Aumento del  agregado monetario M2 – que toma en consideración el dinero disponible en manos del consumidor más los depósitos a corto plazo – en los países de la región. Fuente: Refinitiv Datastream.

Este último puede llegar a convertirse en un ejemplo claro de lo que puede pasar si se ve una impresión desmedida de dinero.

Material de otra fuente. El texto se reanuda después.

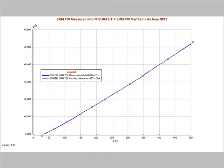The measurement is carried out with no contact on both sides of the sample, and for this reason it is an absolute measurement.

Los porteños reportaron en el mes de julio una subida interanual del 42,4% del dinero en circulación. Si bien esta variación representa un desacelero anual, a nivel mensual sigue en aumento de 1,9% con respecto a junio del mismo año y se observa un aumento del 15,8% en los precios al consumidor, profundizando así la crisis que viene experimentando el país hace ya un par de años y todo parece indicar que se dirigen a territorios de hiperinflación.

Así que como podemos ver, la impresión de dinero ilimitado no es una solución factible a problemas de largo plazo y no es el camino para quitar a un país de una recesión, ni mucho menos un recurso para eliminar la pobreza. Pero, utilizado sabiamente, puede ser un activo para mantener la rueda girando y puede llevar tanto a una reactivación económica o a la profundización de problemas, dependiendo del manejo.

La verdad es que, eventualmente, veremos el costo real de todos estos estímulos e inyección de dinero, y seremos capaces de juzgar qué tan bien (o qué tan mal) fue manejada esta pandemia por las autoridades.

Mientras tanto, es imperativo recordar que absolutamente nada es gratis.